───── Given data

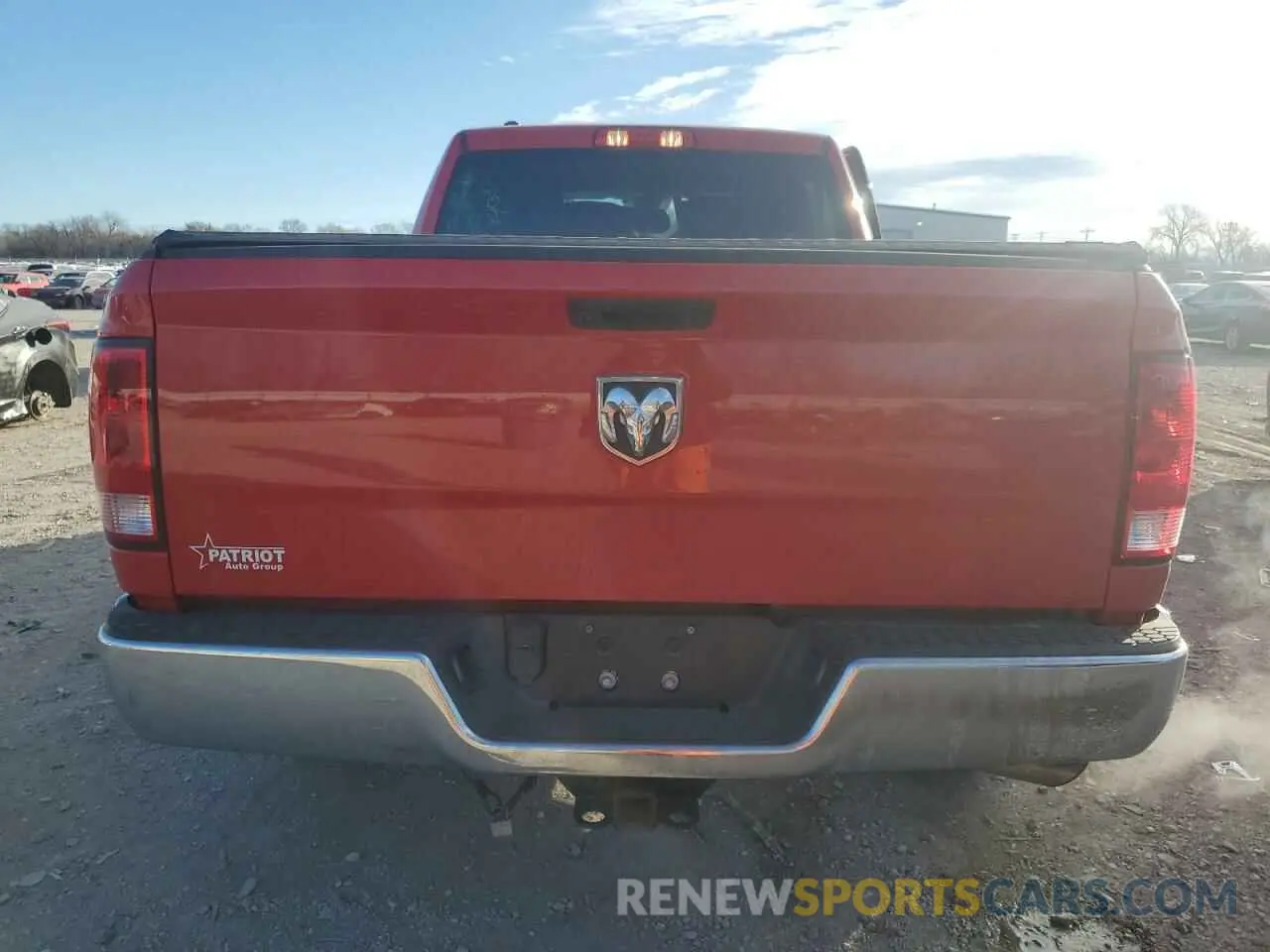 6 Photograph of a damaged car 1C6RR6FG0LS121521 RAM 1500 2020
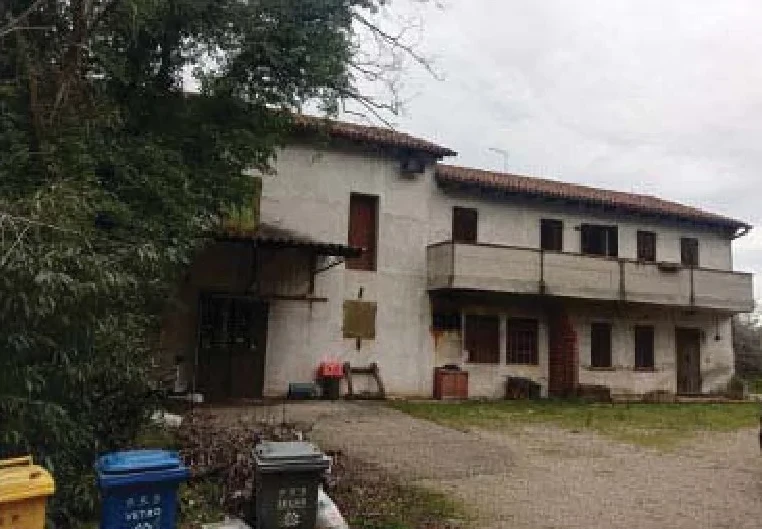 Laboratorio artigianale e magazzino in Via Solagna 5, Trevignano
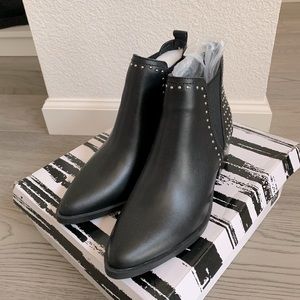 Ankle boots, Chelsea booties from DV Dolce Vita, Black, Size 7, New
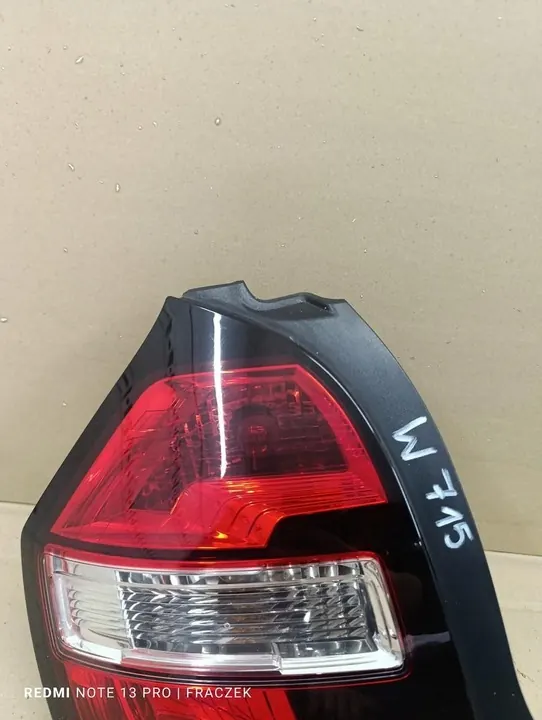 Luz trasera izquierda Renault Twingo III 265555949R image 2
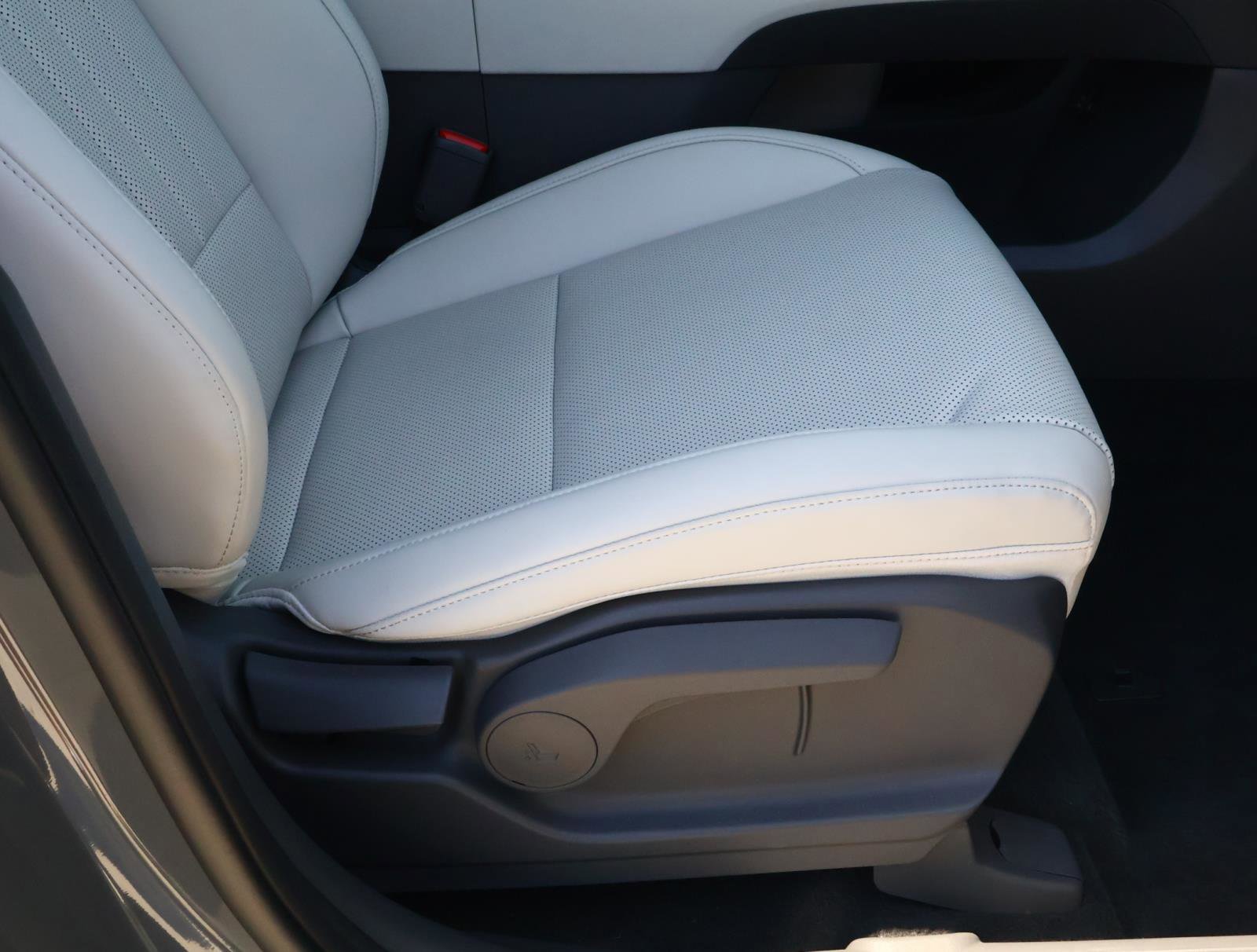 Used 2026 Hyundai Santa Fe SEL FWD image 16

──────────
───── Given data

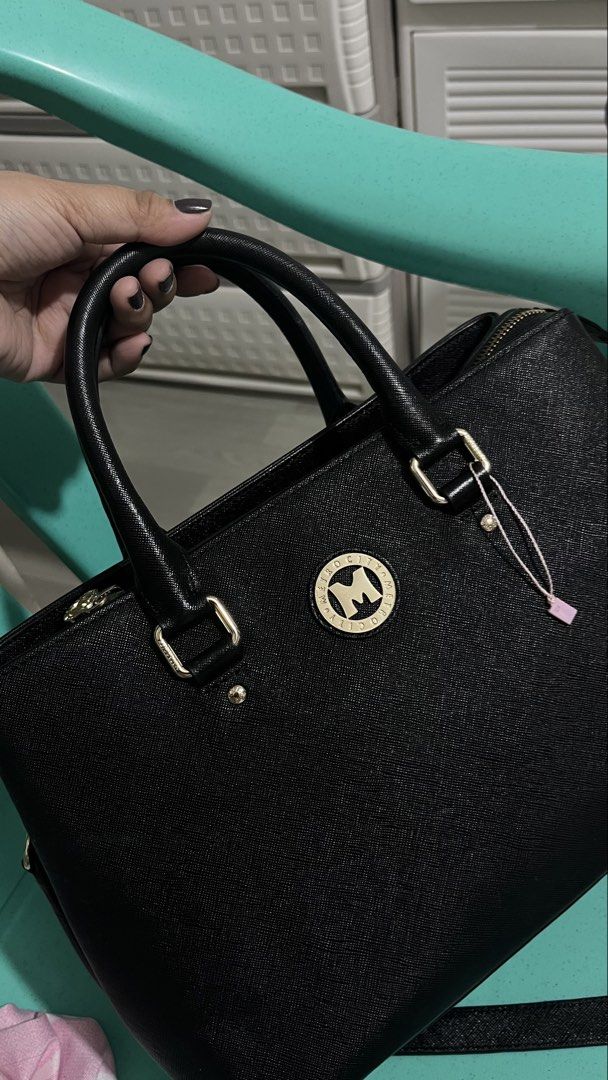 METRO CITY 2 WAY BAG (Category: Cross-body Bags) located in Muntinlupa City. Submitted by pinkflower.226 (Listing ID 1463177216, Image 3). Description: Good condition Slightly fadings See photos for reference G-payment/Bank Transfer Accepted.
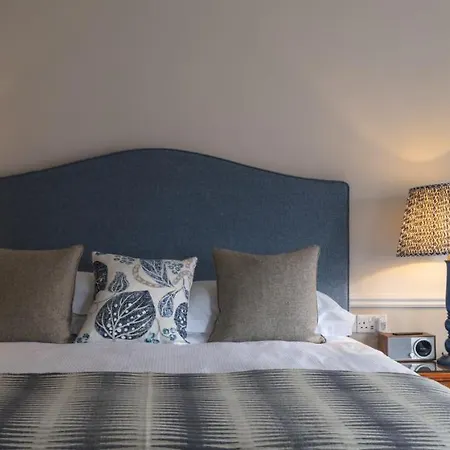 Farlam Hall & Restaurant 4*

──────────

Goal of the exercise
Retype only the lines above from the one with "6 Photograph of" through the one with "Used 2026 Hyundai Santa Fe SEL FWD image 16", exactly and with both ends. Images stay out.

Reply
 6 Photograph of a damaged car 1C6RR6FG0LS121521 RAM 1500 2020
 Laboratorio artigianale e magazzino in Via Solagna 5, Trevignano
 Ankle boots, Chelsea booties from DV Dolce Vita, Black, Size 7, New
 Luz trasera izquierda Renault Twingo III 265555949R image 2
 Used 2026 Hyundai Santa Fe SEL FWD image 16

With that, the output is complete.